Breast cancer has the highest incidence rate among female malignant tumors in both USA and China.21,22 Thanks to the implementation of early cancer screening and the development of medical technology, the 5-year survival rate of breast cancer patients has reached 80%–90%.21,23 Therefore, in both English and Chinese contexts, information and discussion about breast cancer online is abundant. So, we chose breast cancer as an example to evaluate and compare the ability of LLMs in answering medical-related questions in the Chinese context.
Methods
LLM selection
Given that ChatGPT has the largest user base worldwide, this study takes ChatGPT as the baseline. ERNIE Bot was reported to be the most widely used LLM developed in Chinese. 24 ChatGLM, developed with the participation of China's top university, Tsinghua University, is the earliest open-source LLM in China. The GLM-130B LLM was open-sourced in August 2022. So, the two LLMs were chosen as the LLM testing samples designed explicitly for the Chinese language context. In this study, the ChatGPT model was based on version GPT-3.5-Turbo, the ERNIE Bot on version 2.2.3, and the ChatGLM on version 2.0.

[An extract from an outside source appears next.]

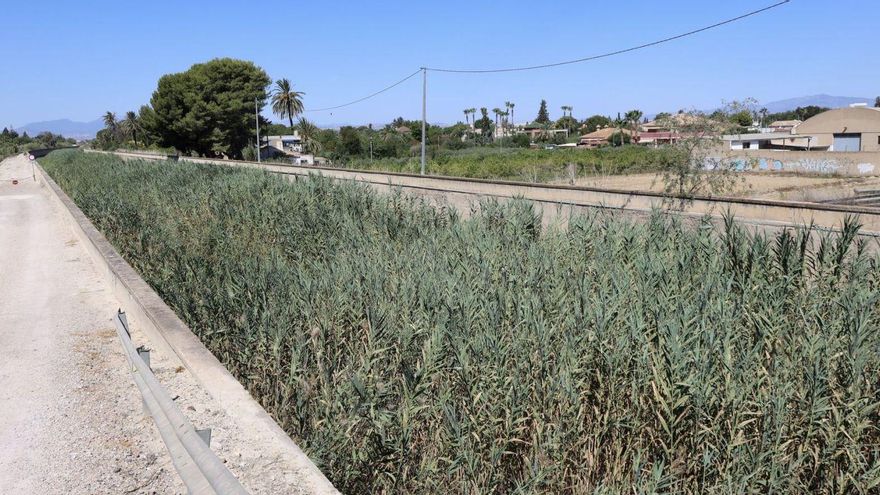 El Ayuntamiento de Murcia exporta el modelo Murcia Río al cauce del Reguerón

Question and response generation
Sixty questions (Table 1) regarding breast cancer prevention (8, 13.3%), diagnosis (15, 25.0%), treatment (27, 45.0%), and follow-up (10, 16.7%) were created by two working senior oncologists, both having more than 10 years of experience in breast tumor care. Most of the questions are frequently asked by breast cancer patients. Then the Chinese questions were separately entered into the three LLMs as text, without being translated into English, and the dialogue was restarted after each answer generation without providing any feedback. All the queries are expressed in Mandarin Chinese, rather than regional dialect. The responses generated were originally recorded in Chinese. For better reader comprehension, only the translated English version is provided in Supplemental Table S1 (anyone who wishes to view the original Chinese version can request it via email).
Questions posed to the three language models, with the results of the assessments of the answers.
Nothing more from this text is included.